In the final section of her talk, Karen asked "how do we start to finish the human genome?" Focusing on chromosomes 7 and 9, at D6Z1 and D8Z2 centromeric sites from satellite array predicted regions, Karen explained how we can see the difference in sequence diversity compared to the X chromosome centromere with its 2.8 Mb tandem repeat. At the centromeres on these autosomal chromosomes there is far greater sequence diversity which makes their assembly significantly easier - there is "a lot more information to guide mapping, polishing and assembly". For example, the maximum spacing between k-mers is only 3 kb. Using the k-mer polishing approach greatly improved the assembly.
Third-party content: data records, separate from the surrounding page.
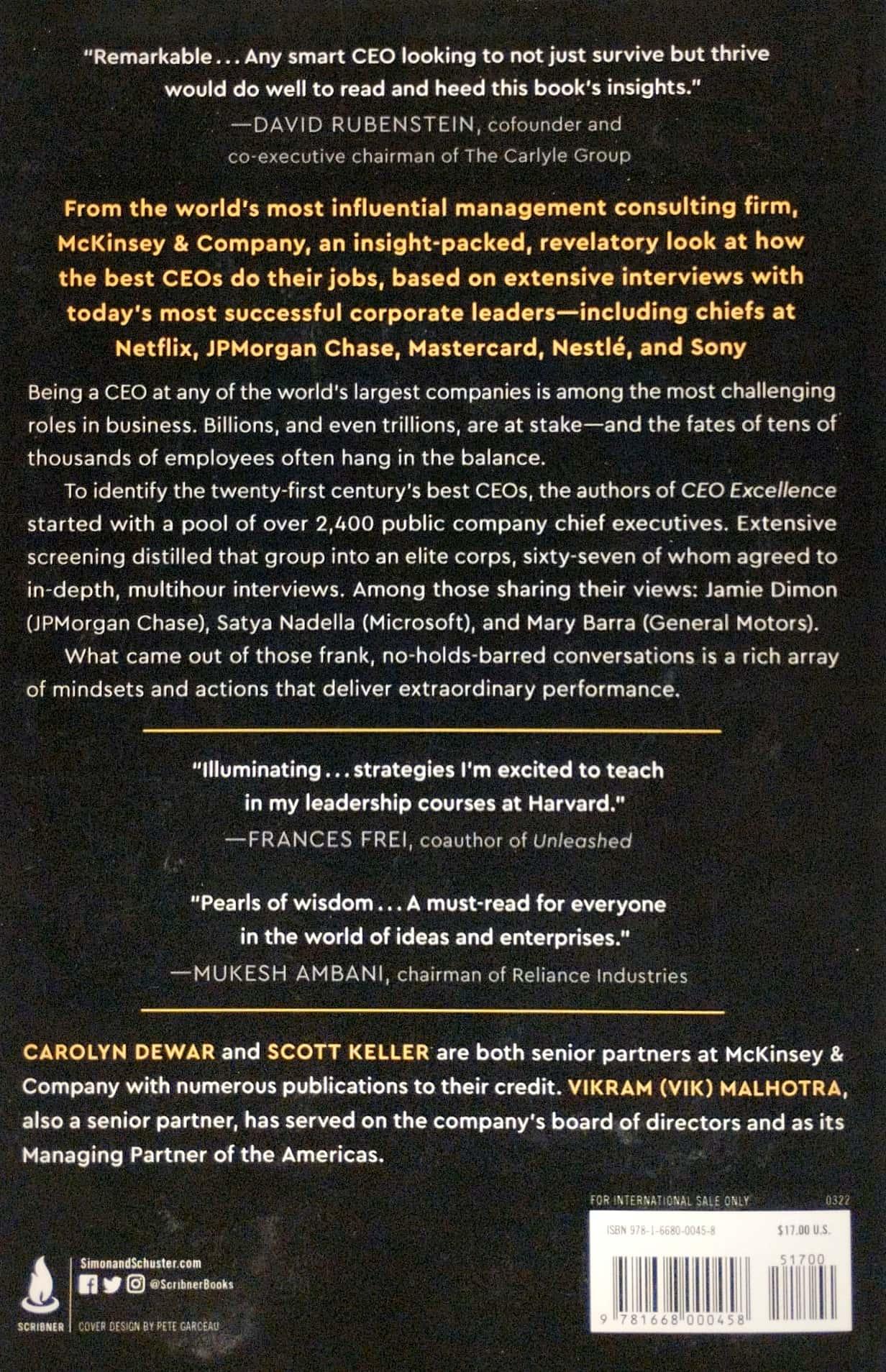 CEO Excellence: The Six Mindsets That Distinguish The Best Leaders From The Rest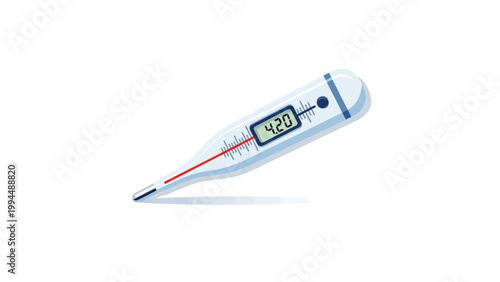 Digital Thermometer Vector Illustration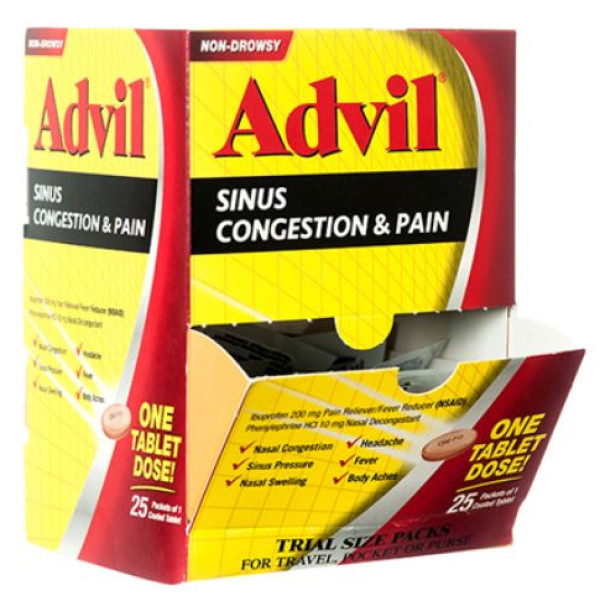 3425 Advil Sinus & Congestion (25/PK)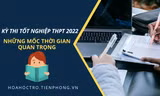 Kỳ thi Tốt nghiệp THPT năm 2022: Những mốc thời gian quan trọng mà các sĩ tử cần lưu ý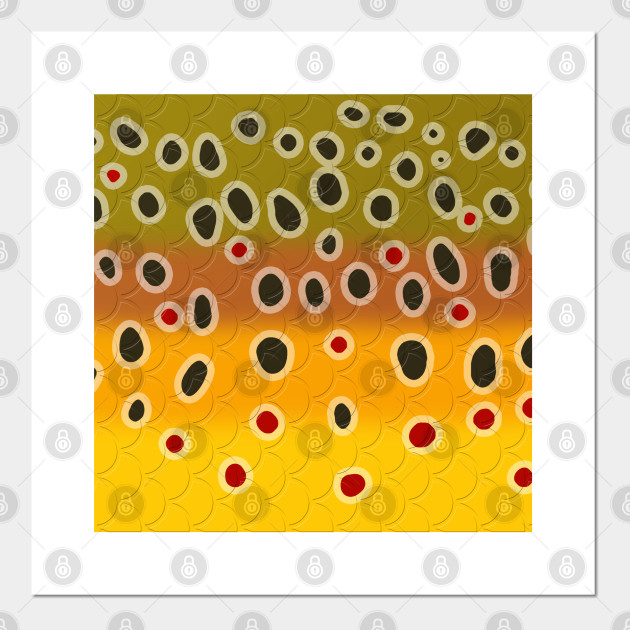 Brown Trout Essence Nature Fish Art Original By Teecreations Brown Trout Fly Fishing Posters And Art Prints Teepublic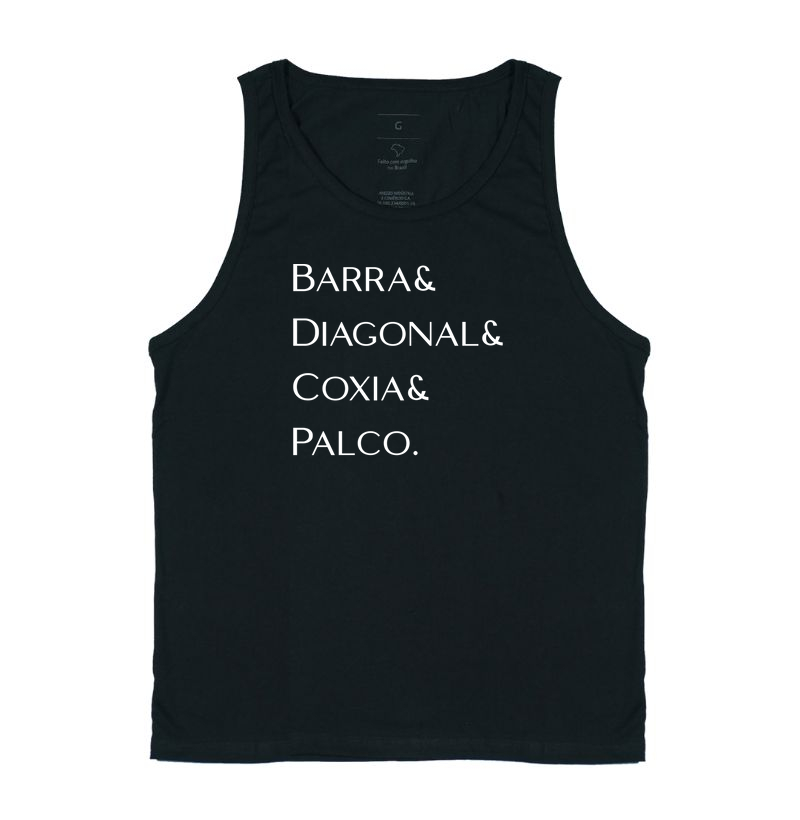 Barra & Diagonal & Coxia & Palco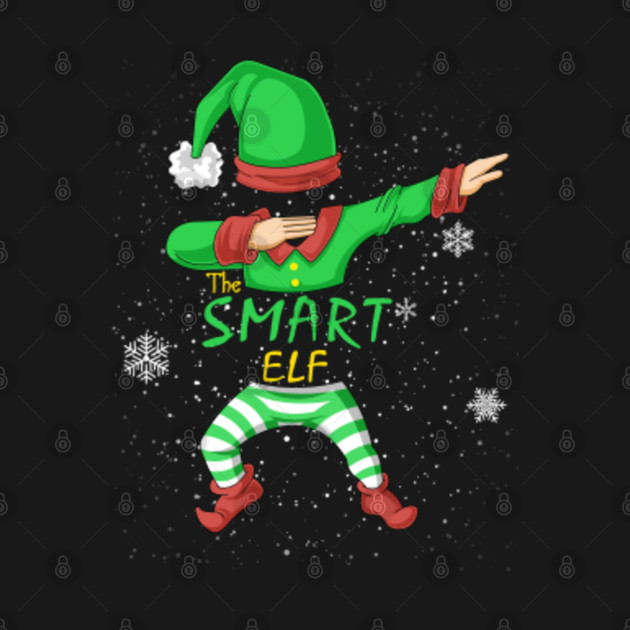 the smart elf Elf Family Matching Christmas Kids T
Karen concluded by stating that the goal of the next two years is to obtain a complete human genome. Challenges facing us include acrocentric regions, large segmental duplications, and classical human satellites, and we need to start thinking about automating repeat assembly. "We keep setting the bar higher and higher" for the genetics community in terms of assembly quality and completeness. Thinking about 2020 and beyond, we need to start thinking about human populations, as opposed to a single human genome. This will require increasingly high-throughput long-read sequencing on the PromethION, and they are now starting to "ramp up the process". It will also require cloud-based assembly and processing; Karen announced that the SHASTA cloud-based assembler is imminently being released by Santa Cruz; this has achieved assembly of 2.8 Gbp of sequence data in only 5.6 hours.
"So I guess that my take home message is...keep calm because everything is awesome"!
Please note that all the CHM13 data is openly available at github.com/nanopore-wgs-consortium/chm13.